We are developing a custom board based on IMXRT1021 with QSPI flash (same IS25LP064A-JBLE on EVK). I could get the board up and running evkmimxrt1020_igpio_led_output without any issue using JLink debugger. It wrote to the flash address space successfully when uploading the binary through JLInk. Not that I modified the example code to burn the fuses BT_FUSE_SEL and FORCE_INTERNAL_BOOT bits and all other bits in BOOT_CFG1 and BOOT_CFG2 to 0.
However, when the debugger is disconnected and power recycling to the board did not run the expected LED blinker. Then I started a debugging session via MCUExpresso + JLink, halt the program then do a 'Restart' through debug toolbar. That causes the processor to reset, and attached to the process without loading the binary again, and it was found processor crashes to unknown address when executing IOMUXC_SetPinMux() inside BOARD_InitPins() example function. If I have an infinite loop before BOARD_InitPins() after RESET example works fine up to the loop. I am just thinking this is due to some security features which not allowed to alter IO pins.

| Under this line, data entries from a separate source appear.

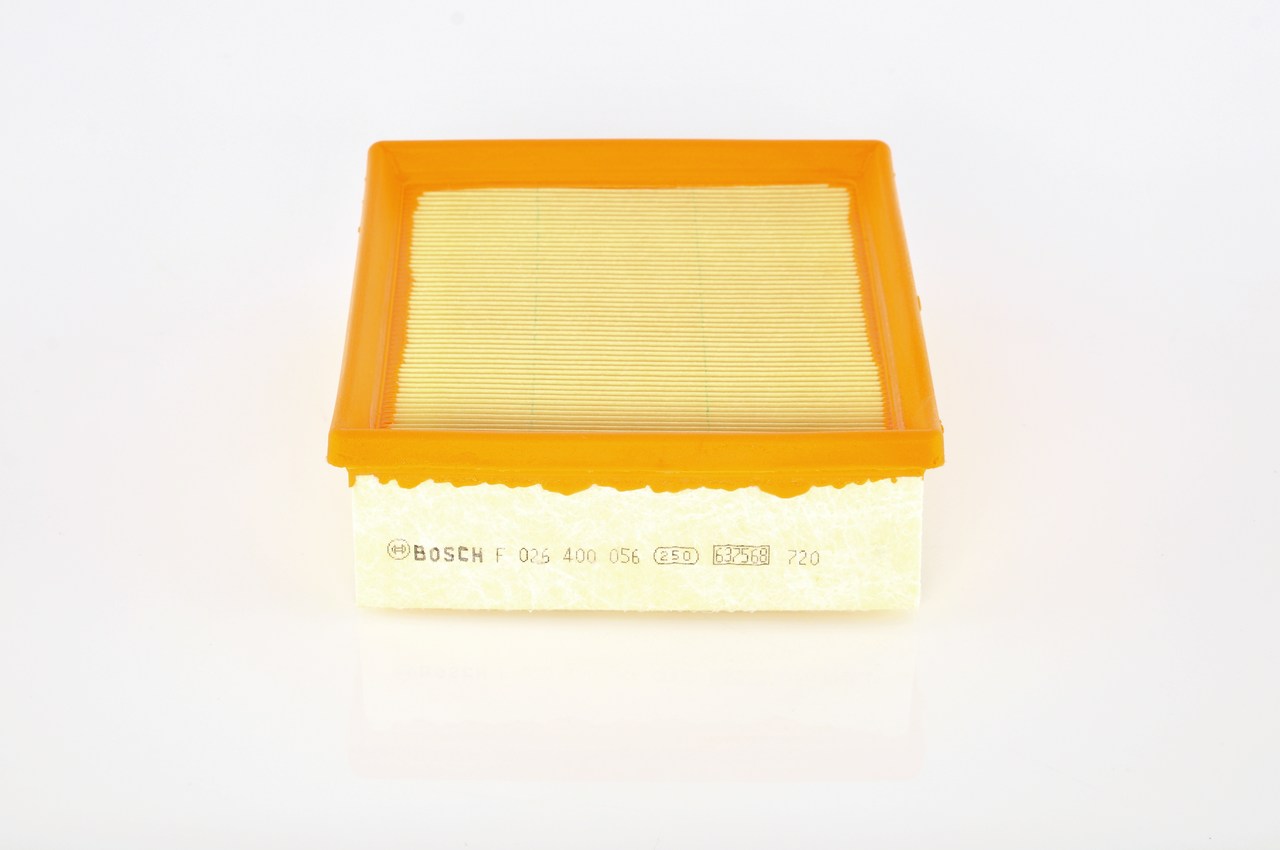 F 026 400 056
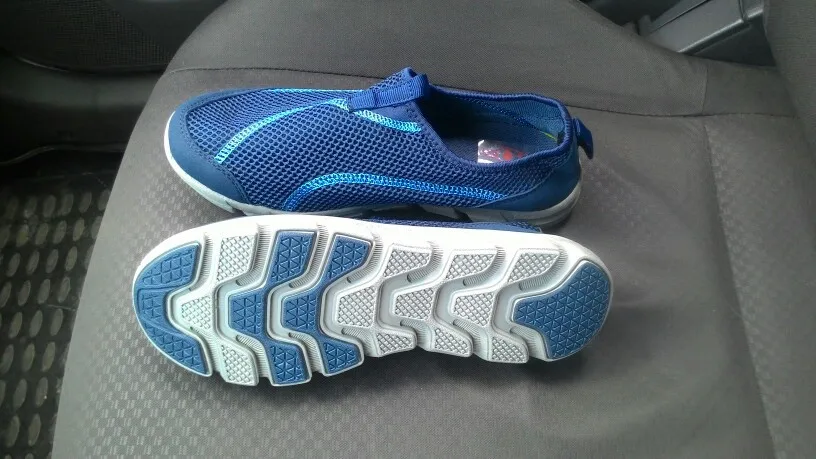 UT8jp4rXIXXXXagOFbXp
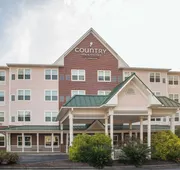 Country Inn & Suites by Radisson, Wilmington, NC hotel detail image 5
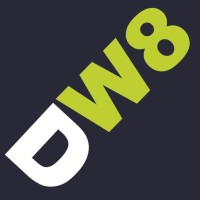 Duinenwacht logo - Similar company to Maasbij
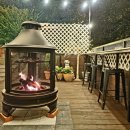 청도빛축제펜션 이미지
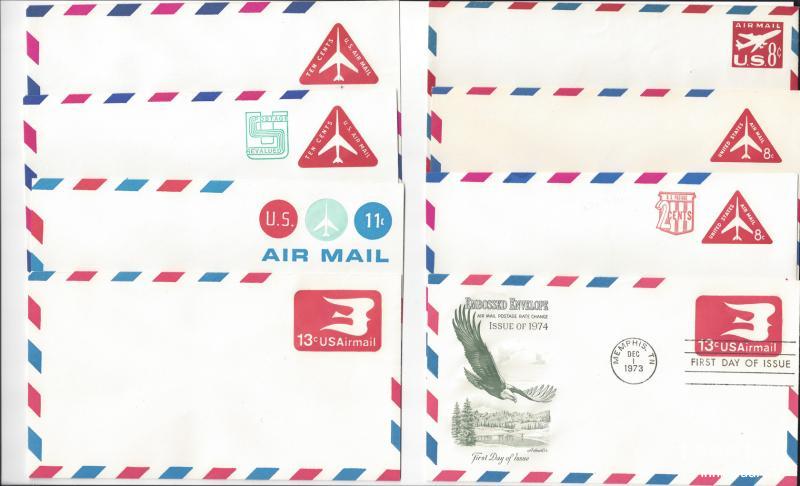 USAirmailPF_2.jpg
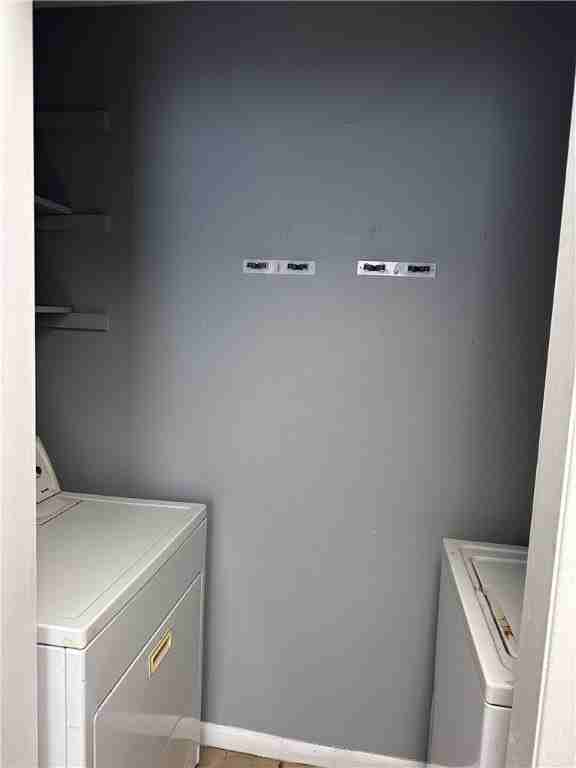 2008 S 5th St - Photo 6 of 11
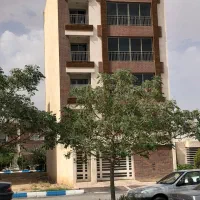 تک واحدی 150 متری در میلاد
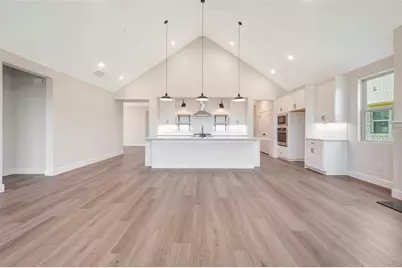 309 Sagebrush Trail, Sherman, TX 75092 - Photo 7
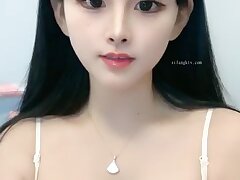 wc22073101 Ass Licking Bliss Tongue Sparks Passionate Desire & Pleasure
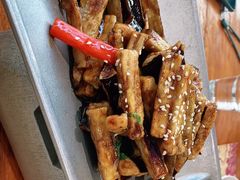 -素心小筑(后沙裕镇店)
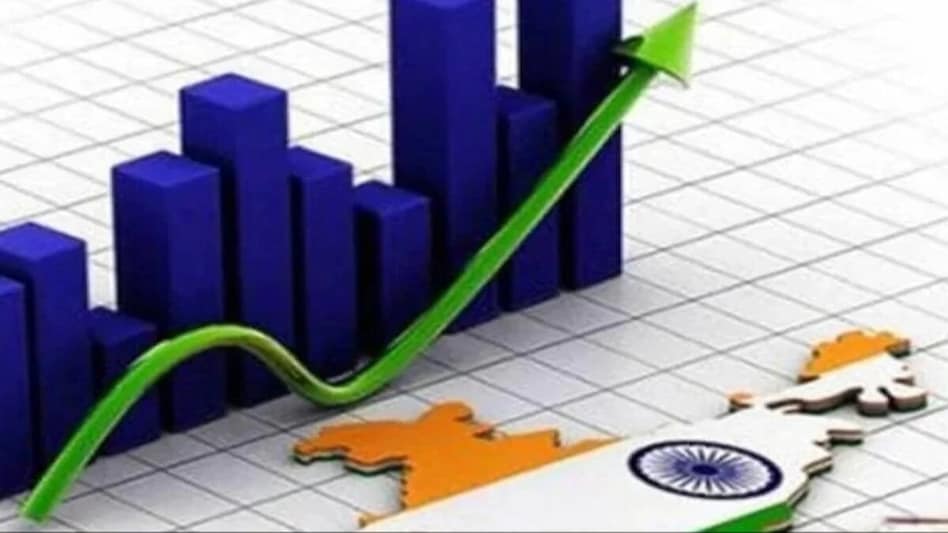 According to the RBI, strong domestic demand continues to underpin economic activity even as external conditions remain uncertain. According to the RBI, strong domestic demand continues to underpin economic activity even as external conditions remain uncertain.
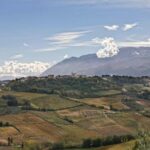 Villamagna: Italy's Smallest Wine DOC - Who Would Enjoy This Tour?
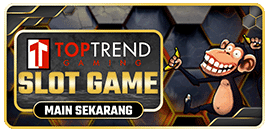 TopTrendGaming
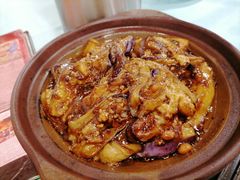 -粤·向群饭店(泮塘路店)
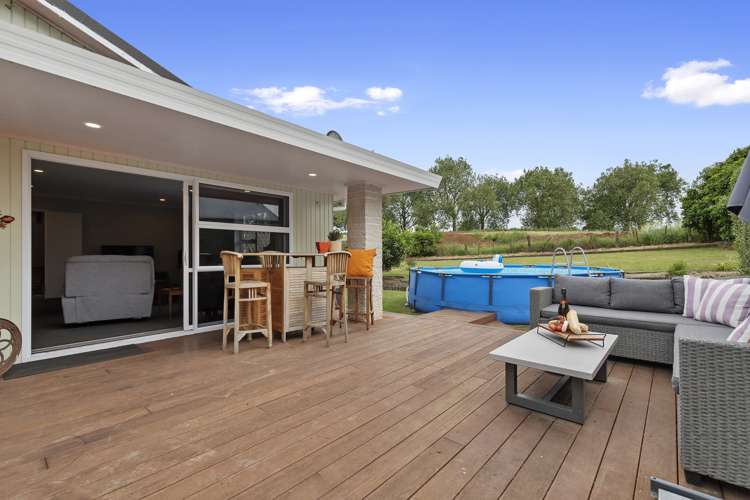 39 Stirling Drive Morrinsville_6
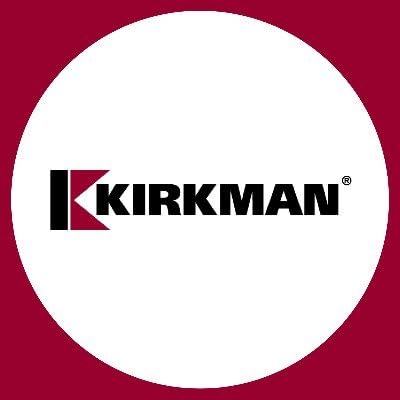Kirkman DMG with Folate and Methyl B12, 125 mg, 200 Count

I ran the same software on IMXRT1021EVK and it worked fine, even after POR. BOOT_CFG[1] and BOOT_CFG[2] configurations are same on EVK and our custom board. Having the same QSPI flash part and same interface, it makes sense to have the same configuration there too. But I really don't understand why it fails at IOMUXC_SetPinMux. Anybody has any thoughts on this. Much appreciated.
Update 1:
I realized the particular GPIO was different on the EVK and the custom board. Having set the same GPIO (IOMUXC_SetPinMux(IOMUXC_GPIO_SD_B1_05_GPIO3_IO25, 0) )on the EVK causes the EVK too to crash similar to the custom board. Interestingly IOMUXC_SetPinMux(IOMUXC_GPIO_SD_B1_04_GPIO3_IO24, 0) works fine on both boards. And IOMUXC_SetPinMux(IOMUXC_GPIO_SD_B1_05_GPIO3_IO25, 0) seems to be either SDK or processor-specific issue. Can anyone from NXP answer this? It is reproducible on IMXRT1020 EVK? Thanks,
Update 2:
Just found IOMUXC_GPIO_SD_B1_05_GPIO3_IO25 has an alternative use for FLEXSPI_A_DQS which is not actually connected to QSPI Flash, but changing that causes the flash to error. Probably NXP should highlight this in the datasheet and reference manuals, so this pin can be avoided.